We spoke to psychologist Keith Klosterman, PhD, LMFT, LMHC about this. After the parents set their children’s minds at ease, they may still be dealing with incredible stress because they are worried about their own children’s safety.

“With the state of the world right now, these are legitimate concerns, and it’s really scary,” he says. “Of course, they’re worried about their kids. Their kids are their most important things in life.” But he adds, “I also think that at some point, you can cross that line into territory that isn’t very helpful for you. And yes, things are really scary right now, but you also have to focus on facts. The facts are that schools are aware of what’s going on. They’re putting precautions in place. They have security. You know, and I think you have to trust in that to a certain extent and to focus on that. Because otherwise, if you live your life that way, you’re going to be living in a constant state of fear. And what I’d say living that way is not healthy for the parent… and by extension, it’s not healthy for the kids.”

“If the parent isn’t doing well or if the parent is struggling with this, then the kids are going to pick up on that and it’s going to impact how they feel. And I think if it is really problematic, parents are really having a hard time, then my suggestion would be to get help.”
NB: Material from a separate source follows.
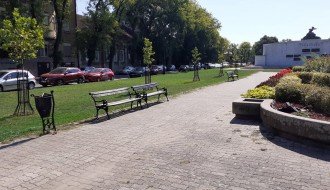 Trg žrtava fašizma - može li se sačuvati javni prostor?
He continues: “There’s a famous psychologist or psychotherapist, Viktor Frankl, who was a concentration camp survivor who wrote Man’s Search for Meaning. In spite of being in a concentration camp, he was still able to find meaning in his life, whereas other people from the same circumstance, it just was completely — and understandably — devastating. They couldn’t go on. It’s about accepting the reality of your situation. And in spite of that [reality], figuring out: how do you continue to move forward in positive ways. What are the things, within your control, that you can do? These are really difficult questions. But I think in the moment when the emotion kicks in, it’s really hard to have that kind of clarity. I think lots of people are struggling, and I don’t know that there’s a great answer, but I think, again, the reality of our situation is we continue to move forward. And I think we have to be wise about the things that we can control and also be careful and safe.”

“Parents certainly don’t want to live their lives in fear. And you don’t want your child to grow up anxious and worried. Hopefully, we are learning better ways to protect schools and to protect kids. The other piece, I think, is that if people feel passionately and strongly about some of these things, they should consider getting involved in school boards and getting involved in what’s happening at school and having awareness. I think knowing how my child’s school would respond in these events  is another way to empower yourself.”